- Goal of the exercise: Output every line below as it stands, dropping only the images.

- Dataset entries:
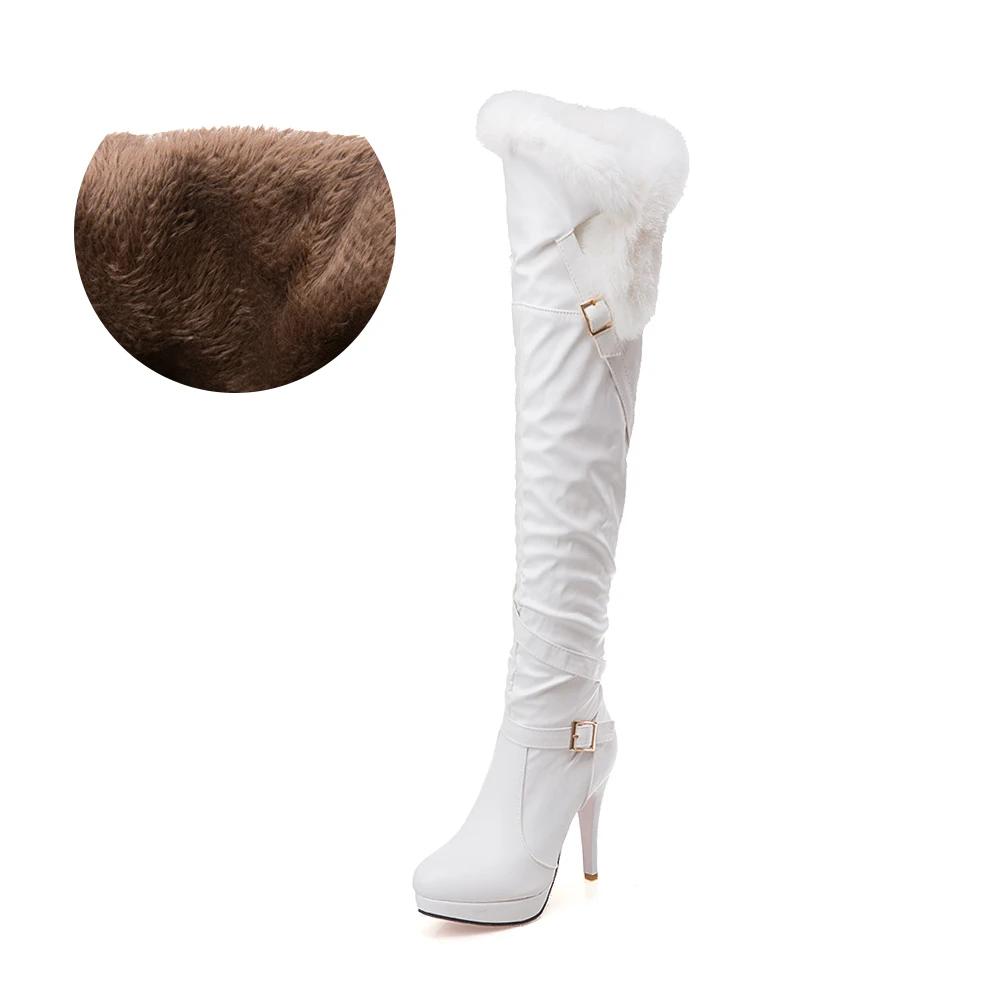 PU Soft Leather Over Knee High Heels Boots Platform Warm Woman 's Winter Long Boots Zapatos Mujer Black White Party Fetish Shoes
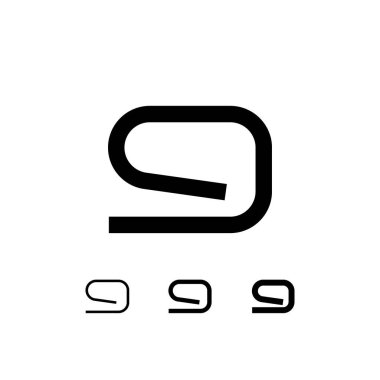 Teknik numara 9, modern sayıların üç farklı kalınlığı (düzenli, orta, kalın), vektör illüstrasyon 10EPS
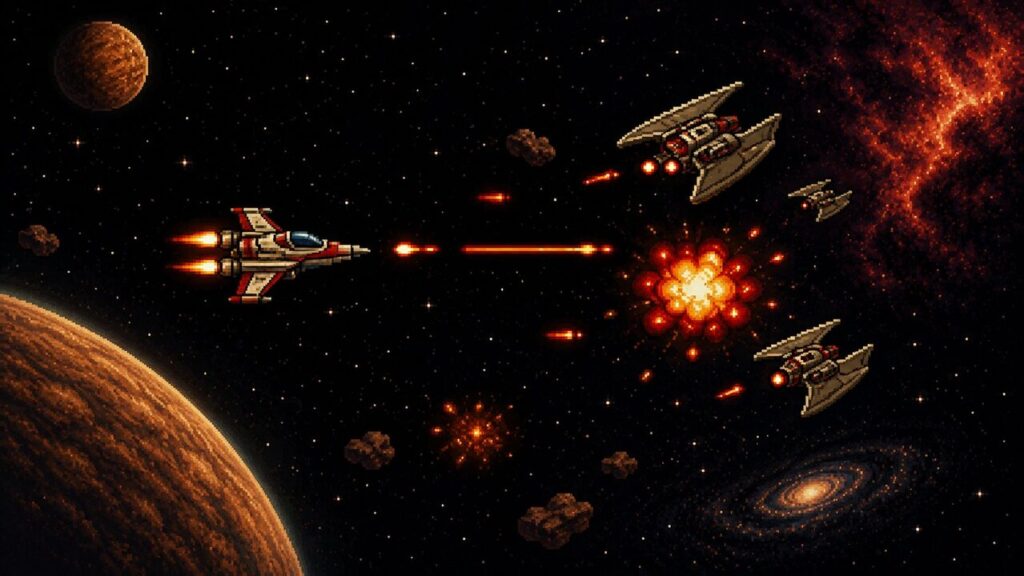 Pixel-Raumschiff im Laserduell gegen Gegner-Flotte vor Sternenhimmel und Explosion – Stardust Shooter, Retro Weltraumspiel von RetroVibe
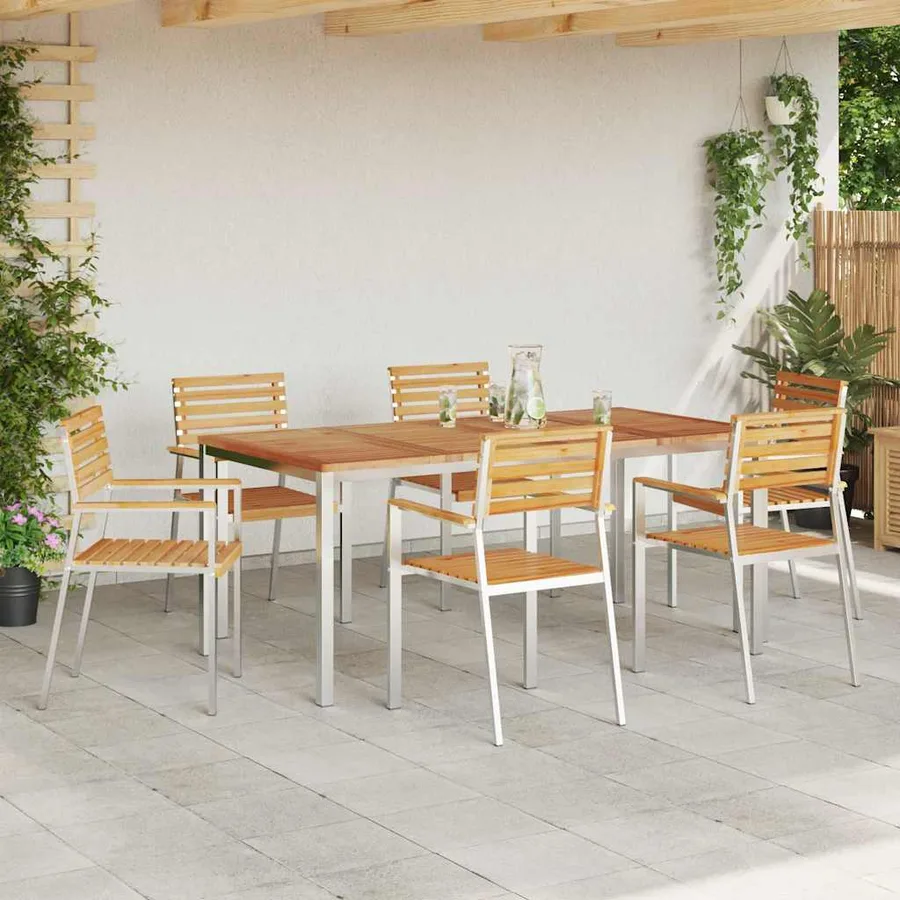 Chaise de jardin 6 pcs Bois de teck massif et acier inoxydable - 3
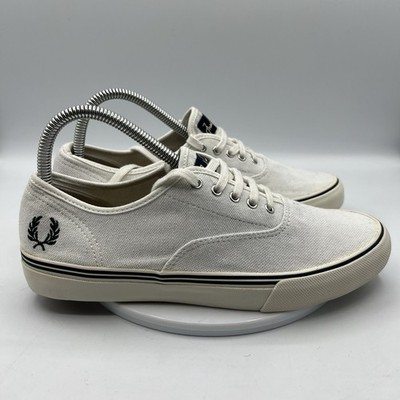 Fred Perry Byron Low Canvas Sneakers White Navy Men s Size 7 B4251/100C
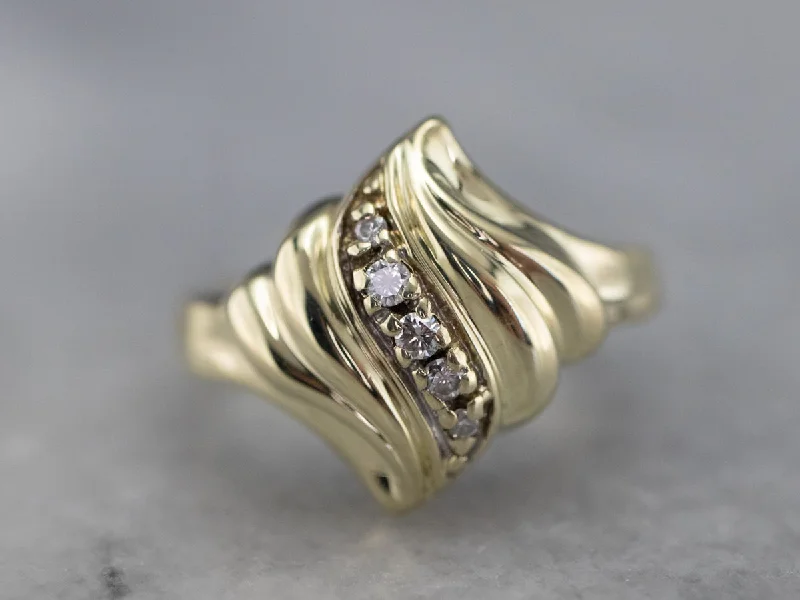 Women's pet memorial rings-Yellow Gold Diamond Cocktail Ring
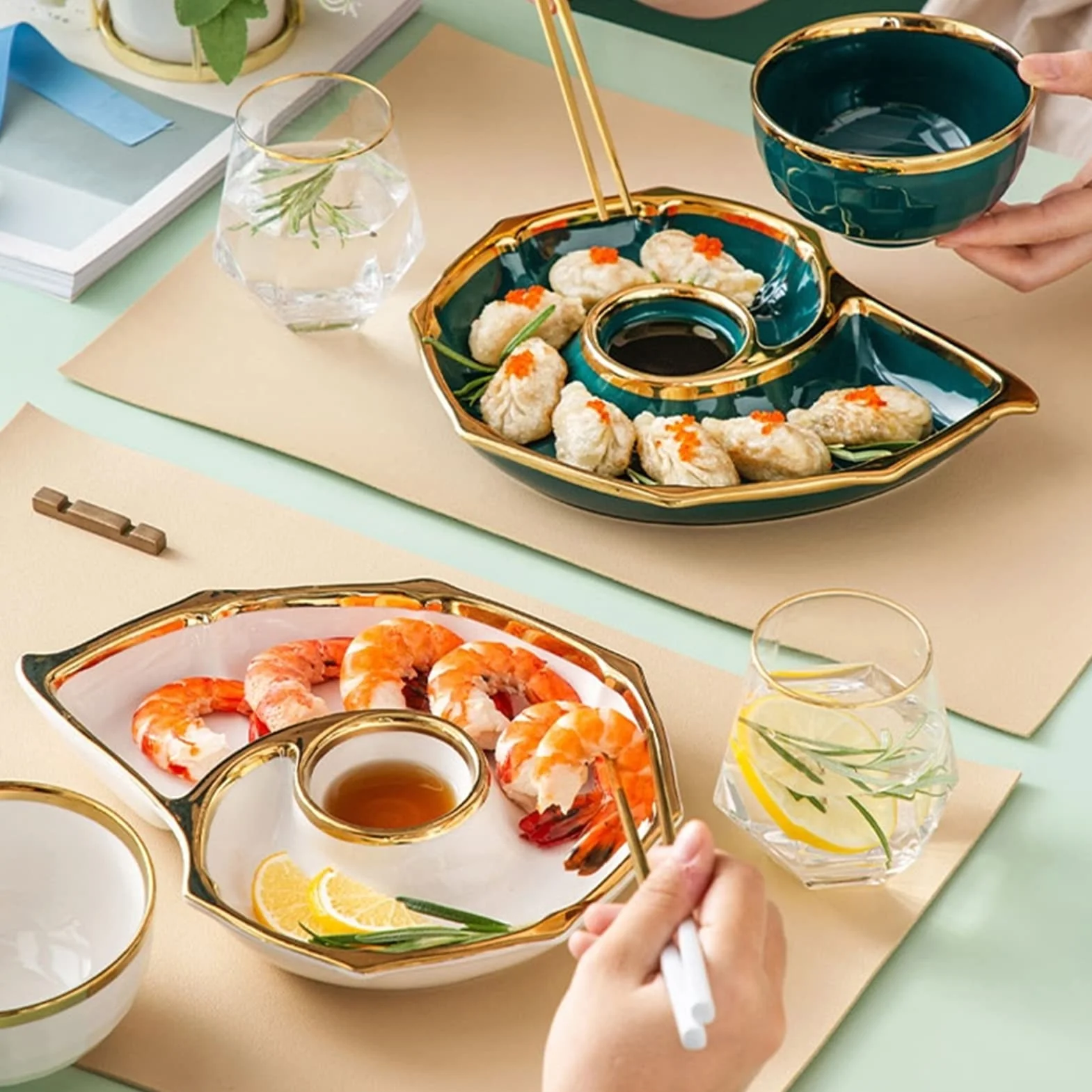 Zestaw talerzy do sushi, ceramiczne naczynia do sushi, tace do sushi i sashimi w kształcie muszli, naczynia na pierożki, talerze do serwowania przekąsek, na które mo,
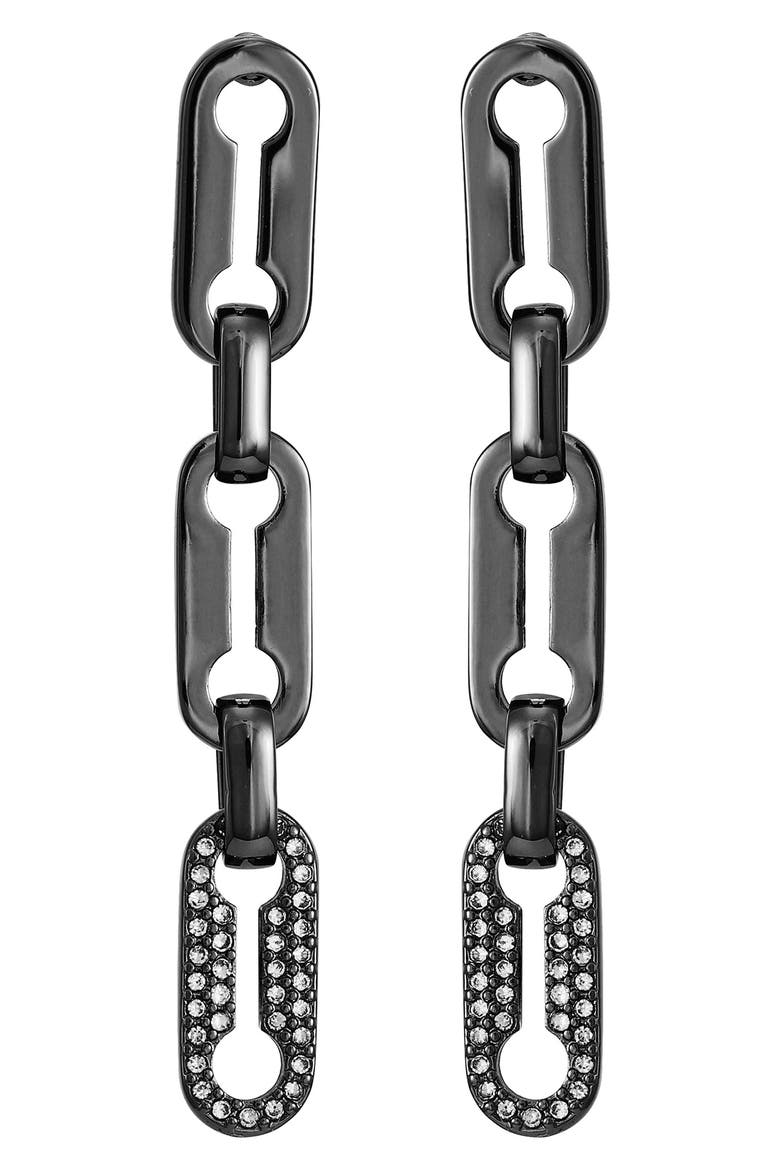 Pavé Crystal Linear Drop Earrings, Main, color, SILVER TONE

- Output of the exercise:
 PU Soft Leather Over Knee High Heels Boots Platform Warm Woman 's Winter Long Boots Zapatos Mujer Black White Party Fetish Shoes
 Teknik numara 9, modern sayıların üç farklı kalınlığı (düzenli, orta, kalın), vektör illüstrasyon 10EPS
 Pixel-Raumschiff im Laserduell gegen Gegner-Flotte vor Sternenhimmel und Explosion – Stardust Shooter, Retro Weltraumspiel von RetroVibe
 Chaise de jardin 6 pcs Bois de teck massif et acier inoxydable - 3
 Fred Perry Byron Low Canvas Sneakers White Navy Men s Size 7 B4251/100C
 Women's pet memorial rings-Yellow Gold Diamond Cocktail Ring
 Zestaw talerzy do sushi, ceramiczne naczynia do sushi, tace do sushi i sashimi w kształcie muszli, naczynia na pierożki, talerze do serwowania przekąsek, na które mo,
 Pavé Crystal Linear Drop Earrings, Main, color, SILVER TONE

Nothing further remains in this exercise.